### What the task asks:
In the records below, the lines between the one holding "Sèche serviettes connecté" and the one holding "Pup Art Canvas", inclusive, are to be transcribed exactly; no pictures are to be included.

### Extracted information:
((

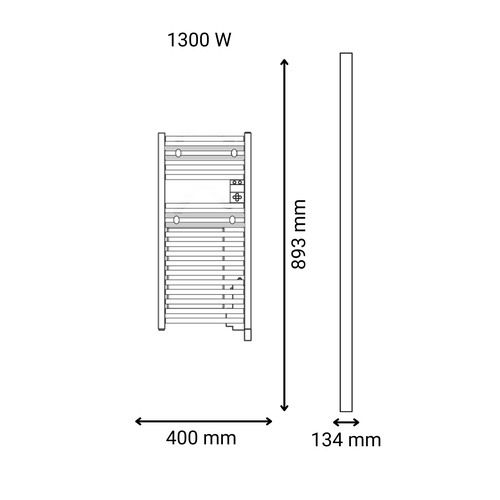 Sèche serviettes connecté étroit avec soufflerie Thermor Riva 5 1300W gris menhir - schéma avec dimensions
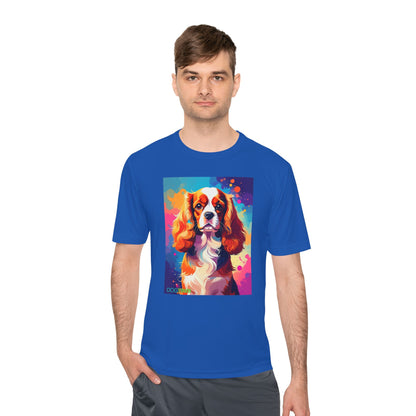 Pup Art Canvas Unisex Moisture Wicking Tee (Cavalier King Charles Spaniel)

))
((

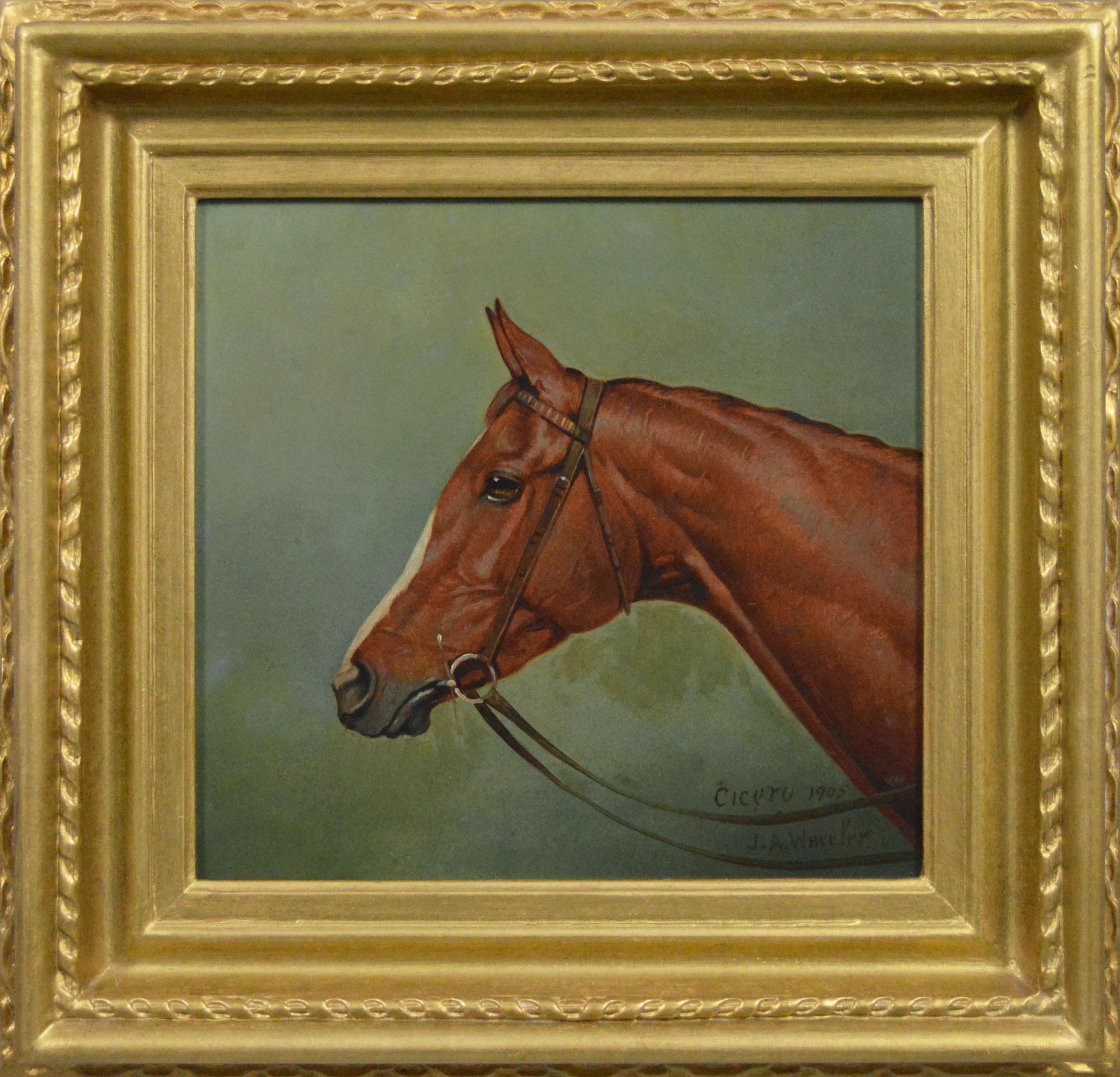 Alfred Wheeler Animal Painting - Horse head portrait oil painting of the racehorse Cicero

))

### Exercise solution:
 Sèche serviettes connecté étroit avec soufflerie Thermor Riva 5 1300W gris menhir - schéma avec dimensions
 Pup Art Canvas Unisex Moisture Wicking Tee (Cavalier King Charles Spaniel)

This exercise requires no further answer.